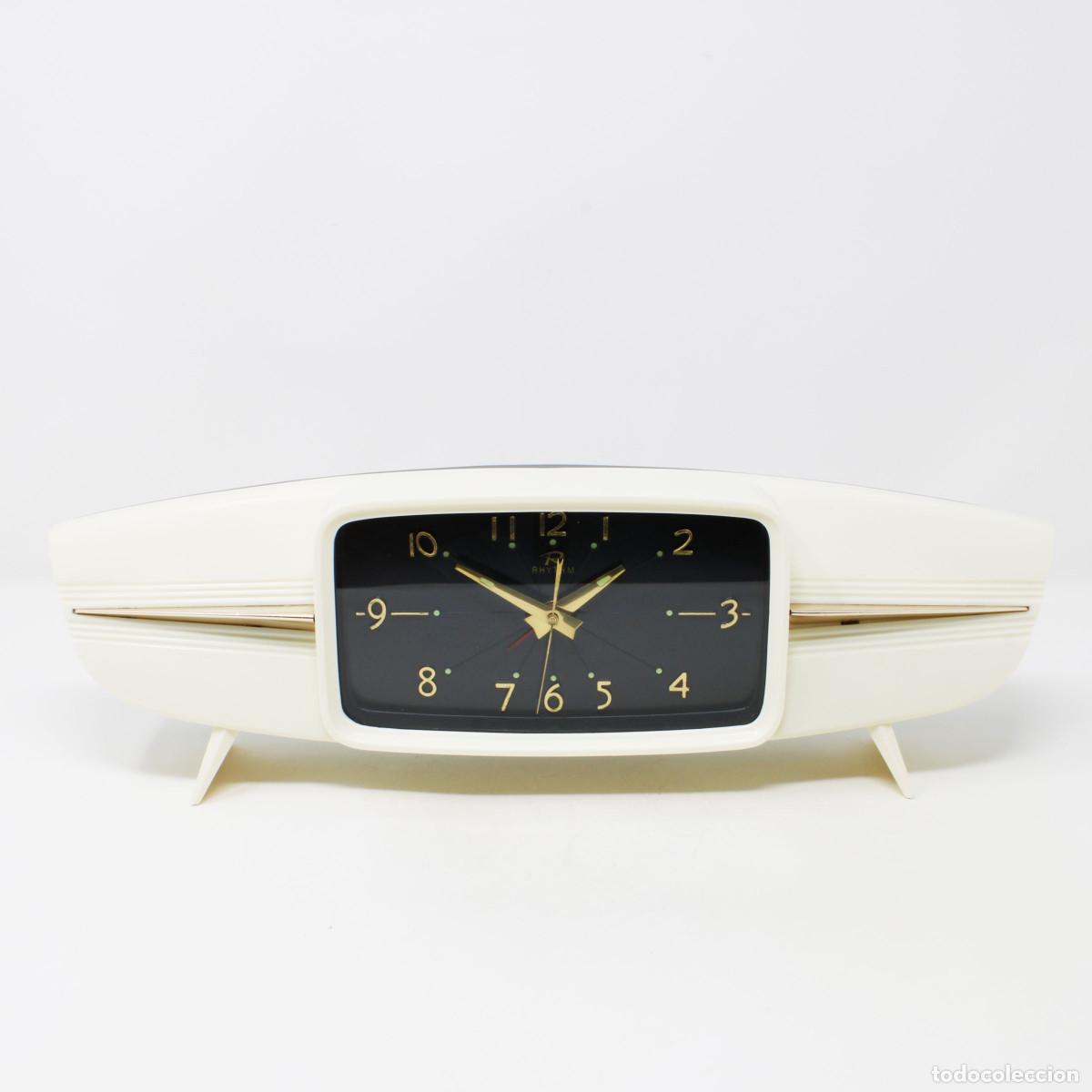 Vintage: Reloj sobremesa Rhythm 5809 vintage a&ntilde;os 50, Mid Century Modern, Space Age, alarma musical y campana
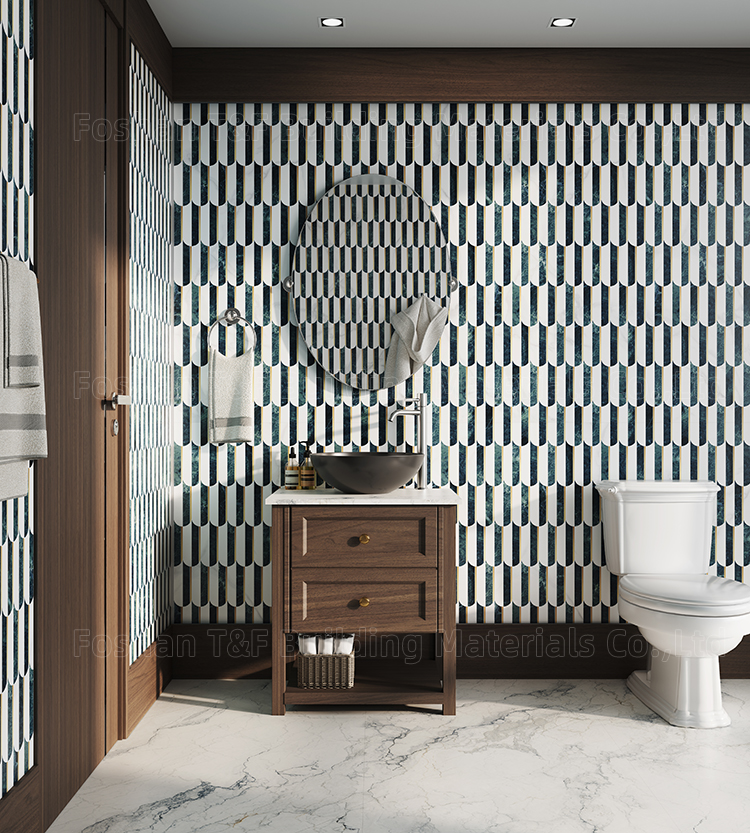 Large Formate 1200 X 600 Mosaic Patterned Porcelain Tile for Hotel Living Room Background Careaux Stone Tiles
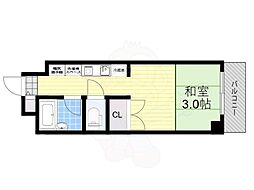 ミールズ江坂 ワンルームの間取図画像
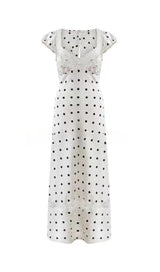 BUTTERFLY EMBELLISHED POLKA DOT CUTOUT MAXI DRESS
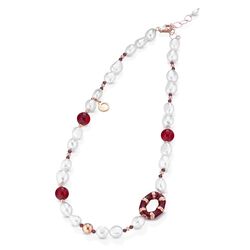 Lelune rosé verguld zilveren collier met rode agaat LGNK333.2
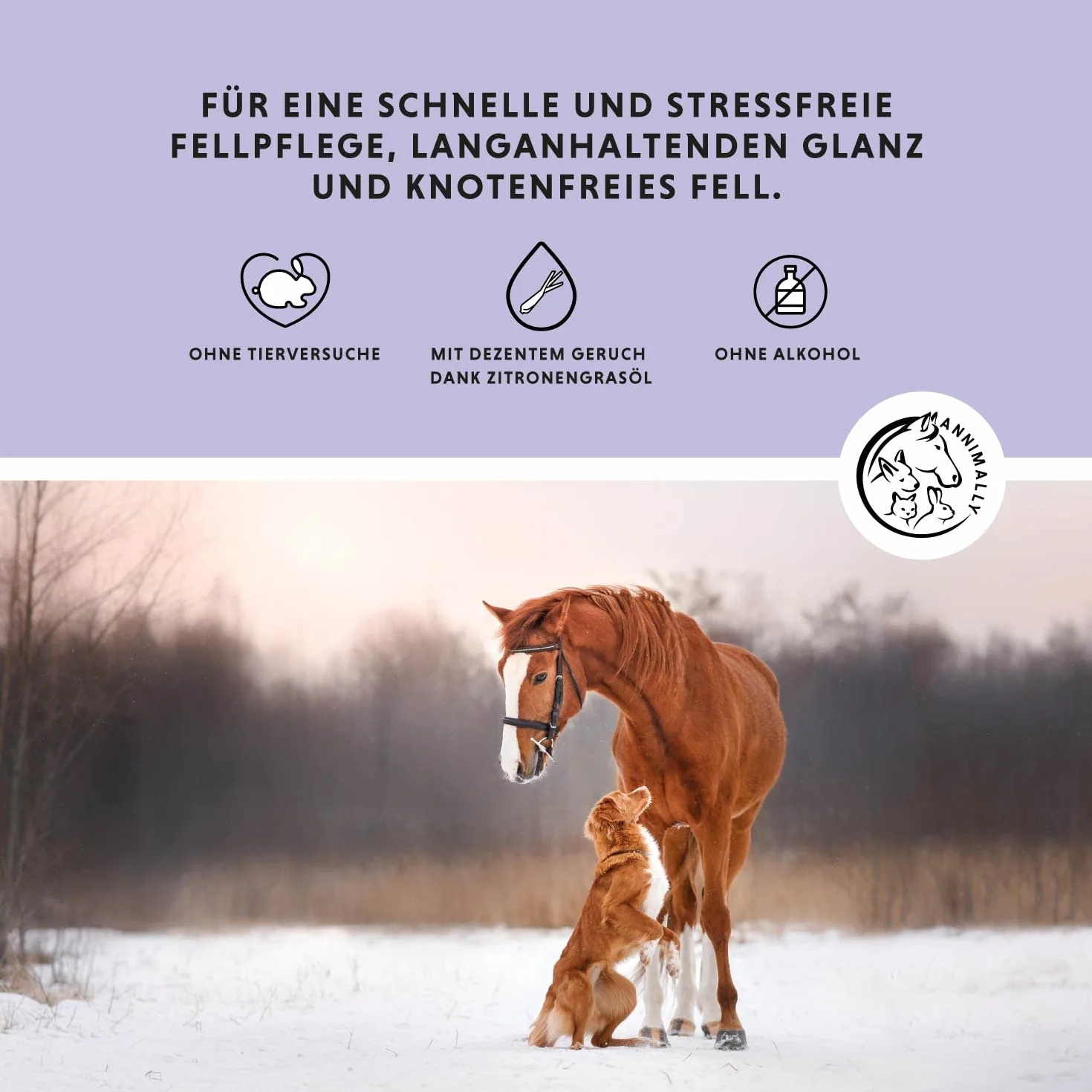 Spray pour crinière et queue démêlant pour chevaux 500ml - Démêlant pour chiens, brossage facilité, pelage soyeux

* _TRY IT_
Write out all the material verbatim, images excluded.

* _RESULT BELOW_
 Vintage: Reloj sobremesa Rhythm 5809 vintage a&ntilde;os 50, Mid Century Modern, Space Age, alarma musical y campana
 Large Formate 1200 X 600 Mosaic Patterned Porcelain Tile for Hotel Living Room Background Careaux Stone Tiles
 ミールズ江坂 ワンルームの間取図画像
 BUTTERFLY EMBELLISHED POLKA DOT CUTOUT MAXI DRESS
 Lelune rosé verguld zilveren collier met rode agaat LGNK333.2
 Spray pour crinière et queue démêlant pour chevaux 500ml - Démêlant pour chiens, brossage facilité, pelage soyeux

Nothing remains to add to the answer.